FiberMark shareholders fail in move to appoint equity holders' committee

New York, Sept. 17 - FiberMark Inc.'s shareholders failed in their attempt to have an official equity security holders' committee appointed.

The U.S. Bankruptcy Court for the District of Vermont refused their request to create a committee, saying that "sufficient cause does not exist at this time to support" the proposal.

However the rejection is without prejudice, allowing the shareholders to try again at a future date.

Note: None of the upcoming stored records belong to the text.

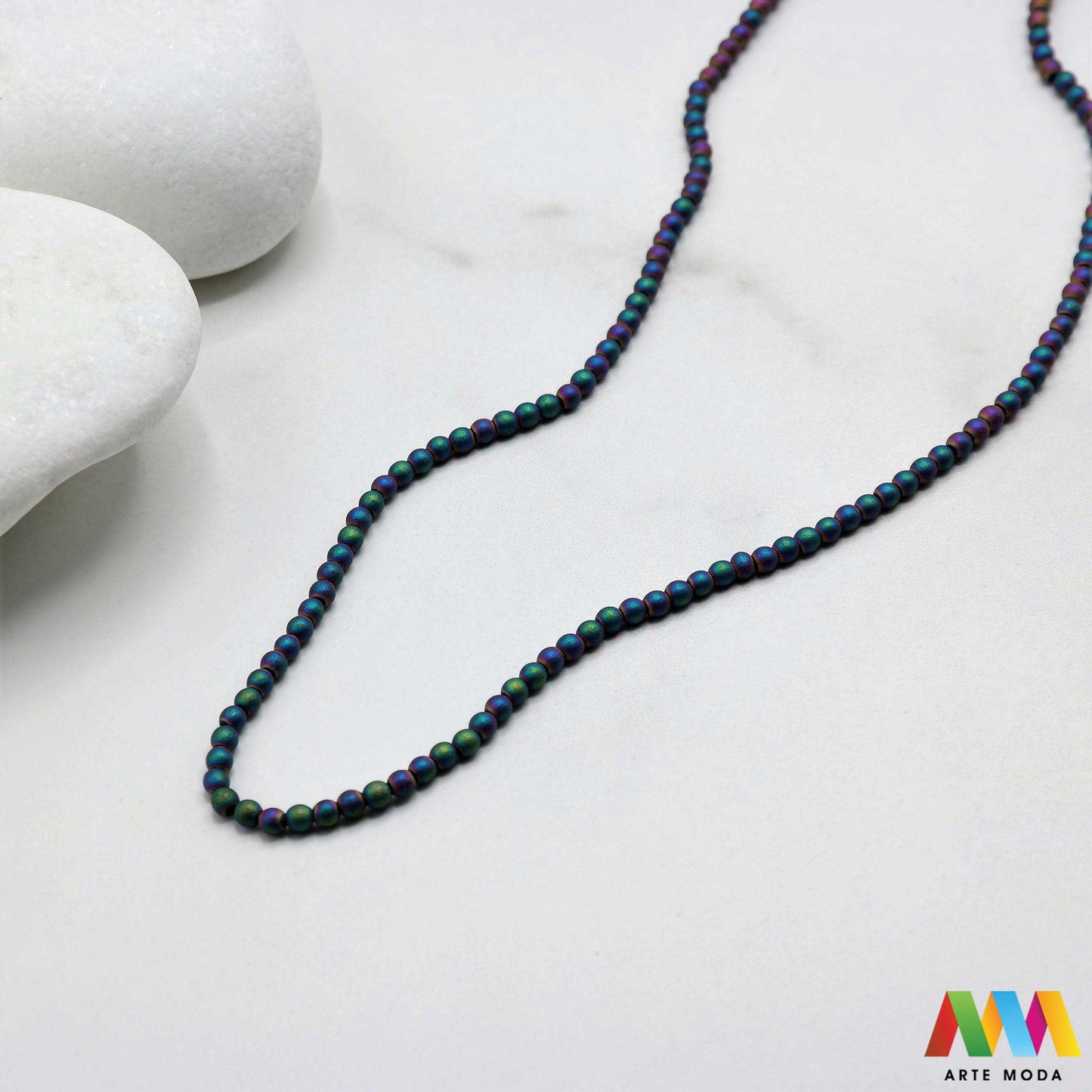 hematit krvavi kamen poludragi mineral metalni sjaj kvarc zrcalo kristal prirodni metalik meditacija zaštita repromaterijal Hematit (ili krvavi kamen) je prirodni mineral smeđe sive ili crne boje karakteriziran prisustvom hladnog metalnog sjaja Vjeruje se da pomaže u jačanju volje samopouzdanja i povezanosti s majkom zemljom Nakit izrađen od njega fascinira svojim tajanstvenim zrcalnim sjajem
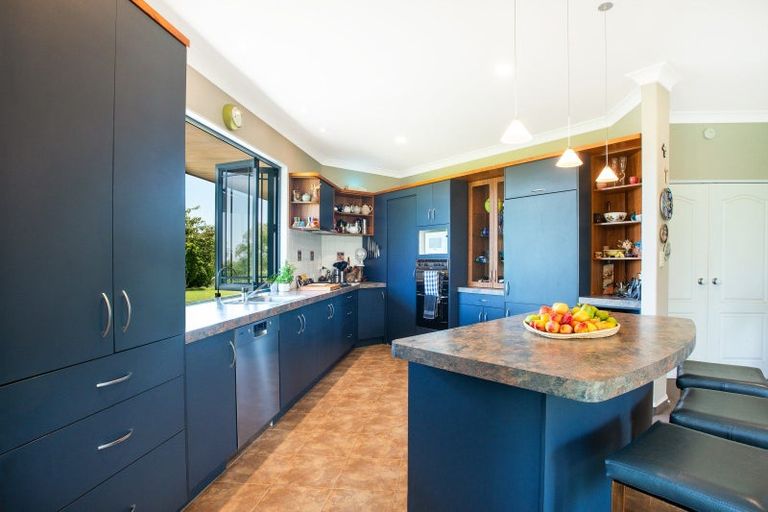 Photo of property in 95 Waikite Road, Welcome Bay, Tauranga, 3175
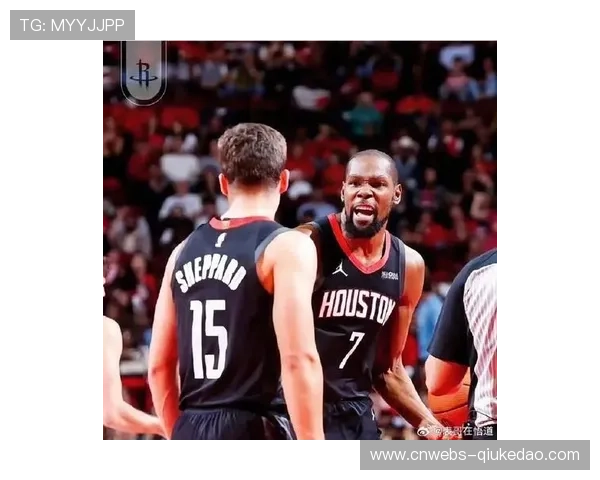 杜兰特与戈登赛前热聊，火箭旧将情谊依旧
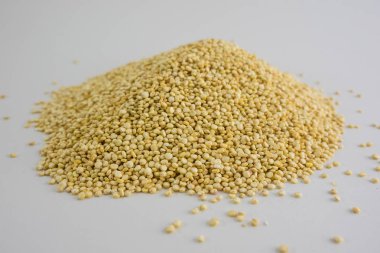 Quinoa tohumları dağ Quinoa tohumları, beyaz arka plan. Quin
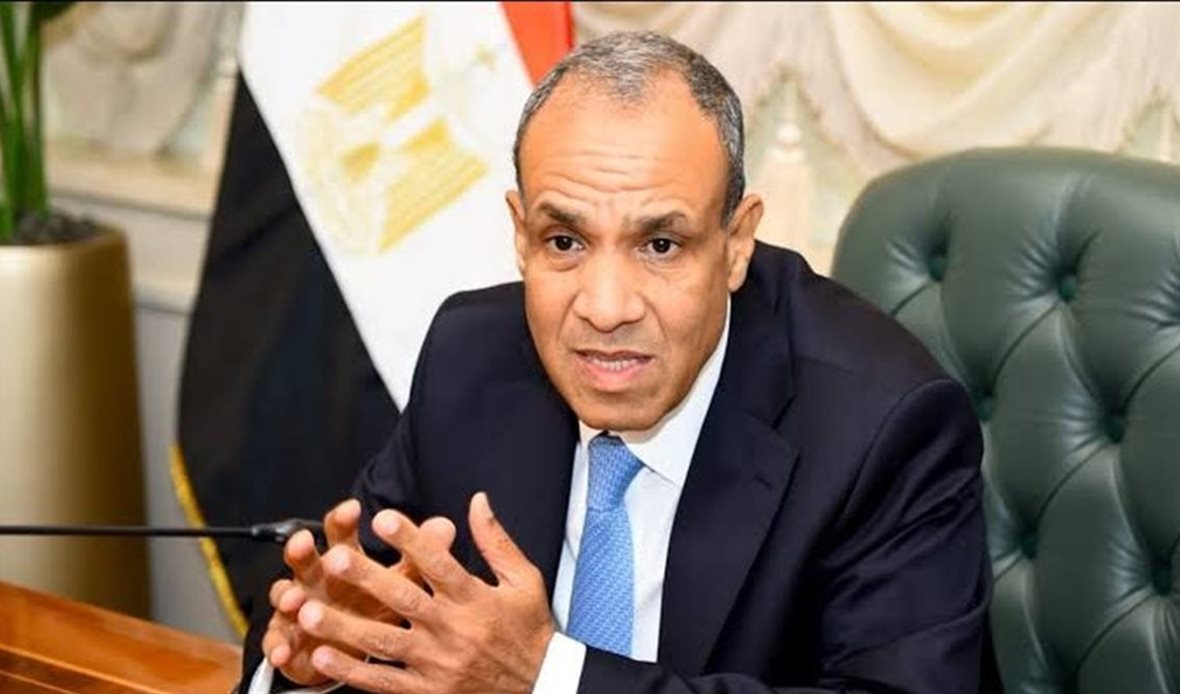 الدكتور بدر عبد العاطي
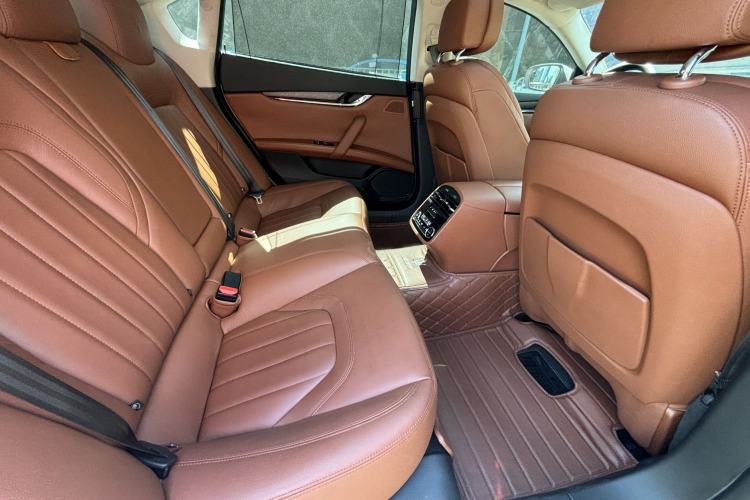 Used Maserati President 2017 3.0T Standard Model Interior 12
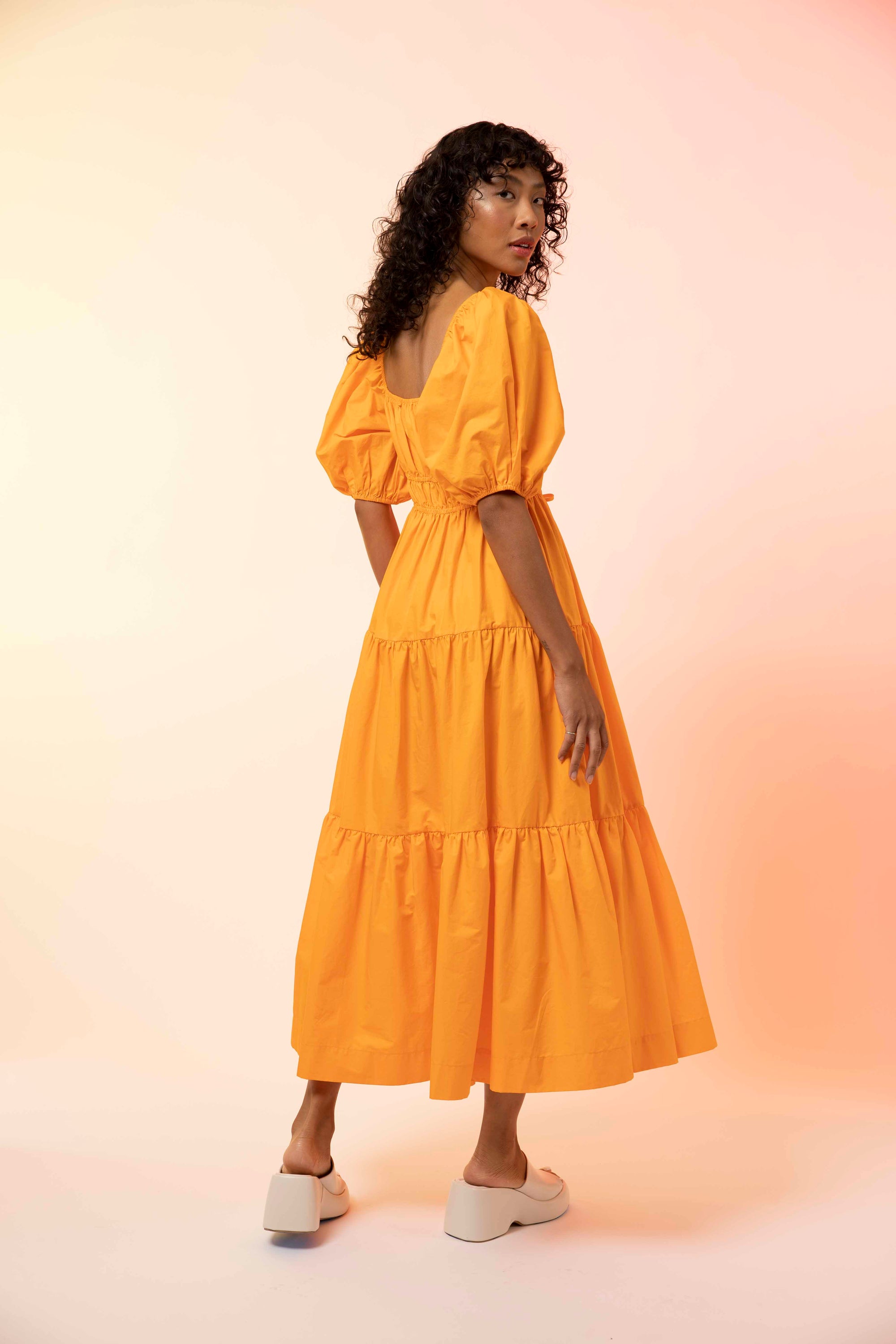 AMBER DRESS Line & Dot AMBER DRESS Line & Dot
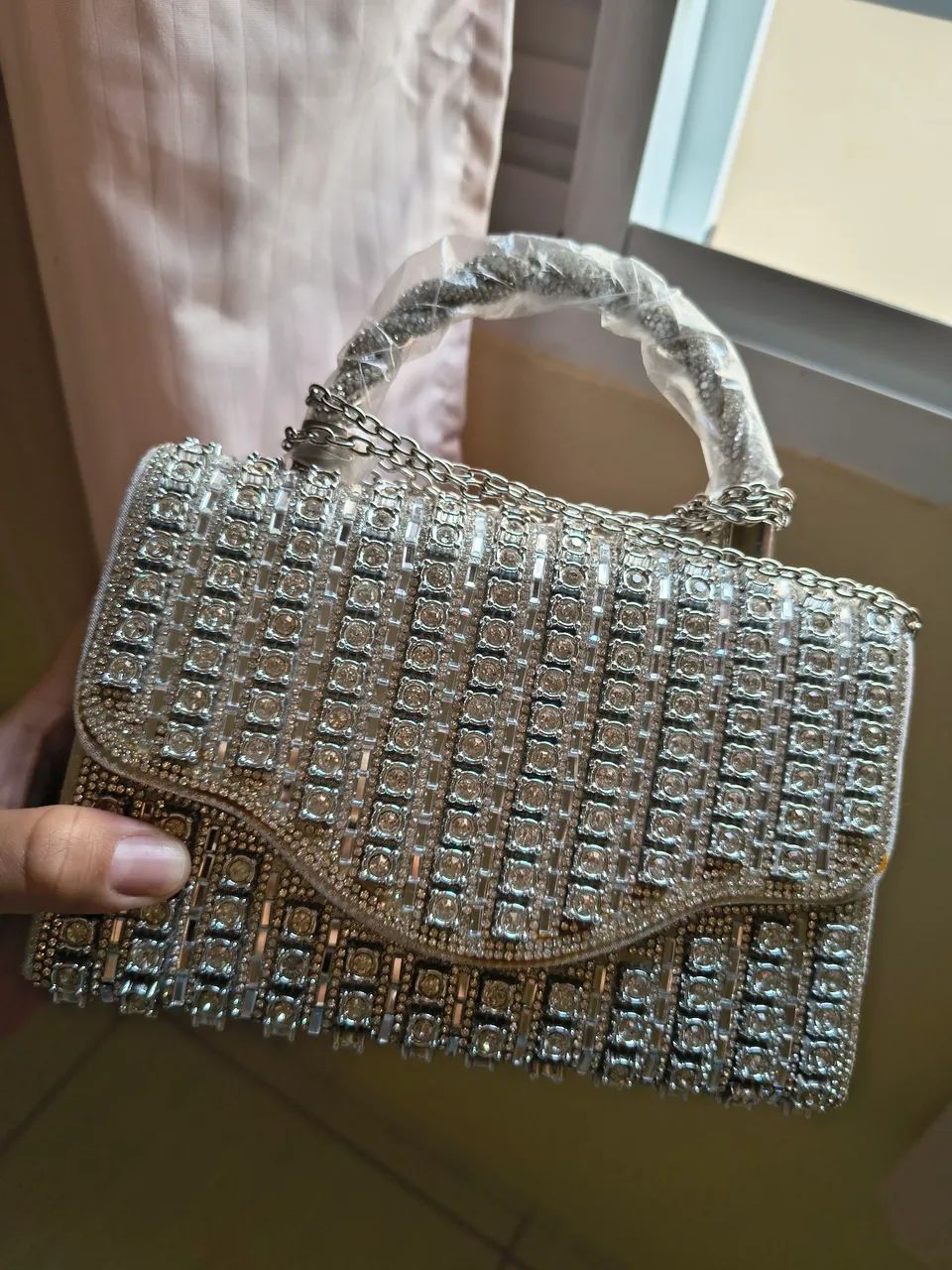 Bolsa toda cheia de strass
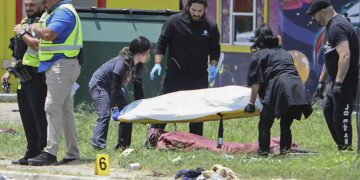 Aumentan a ocho los muertos por el atropello de migrantes en Texas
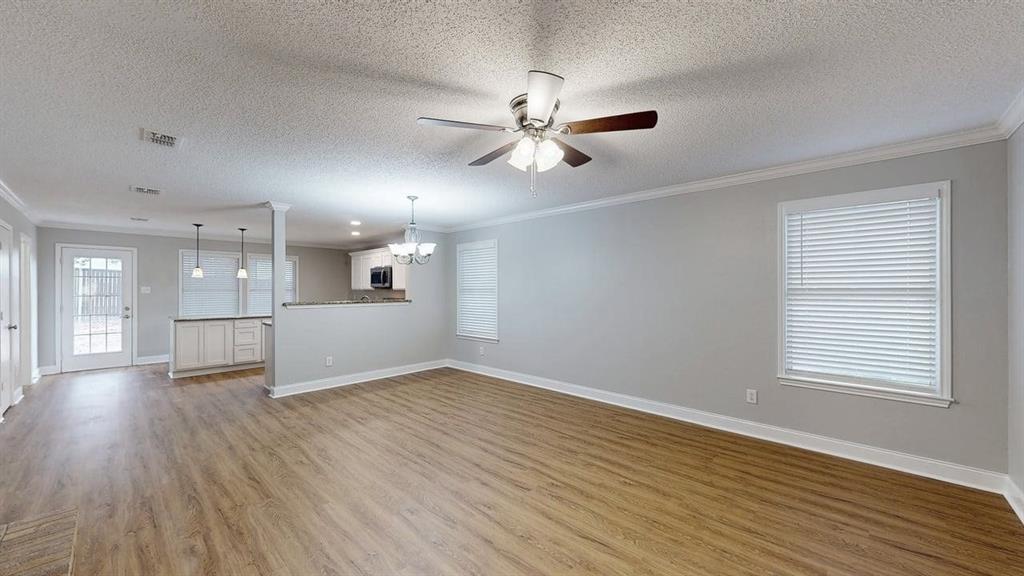 Creek Hollow Ph 1 - Residential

The shareholders had argued the case meets the criteria for an equity holders' committee. The case is large and complex. The Brattleboro, Vt.-based specialty paper company has two series of unsecured notes outstanding with about $330 million in principal outstanding. FiberMark also is the parent of 16 companies.

More than 1,000 investors own FiberMark stock, which means the company's shares are widely held.

"With 7 million shares of common stock outstanding, this represents nearly $60 million in market capitalization, which will be erased unless an equity committee is appointed to protect shareholder interests," the shareholders said in court documents.

Management and members of the board of directors own less than 170,000 shares, which means they have no incentive to stick up for shareholders, the shareholders said.

In addition, the company is not hopelessly insolvent. Write-downs by management of goodwill assets that were not explained - not a change in FiberMark's asset structure or business - caused book shareholder equity to drop to a negative $68 million from $36 million at the end of 2002, the shareholders said.

However the U.S. Trustee, which had already denied the shareholders' request, told the court that the company is insolvent and also argued that the case is not complex.

FiberMark filed for bankruptcy on March 30. Its Chapter 11 case number is 04-10463.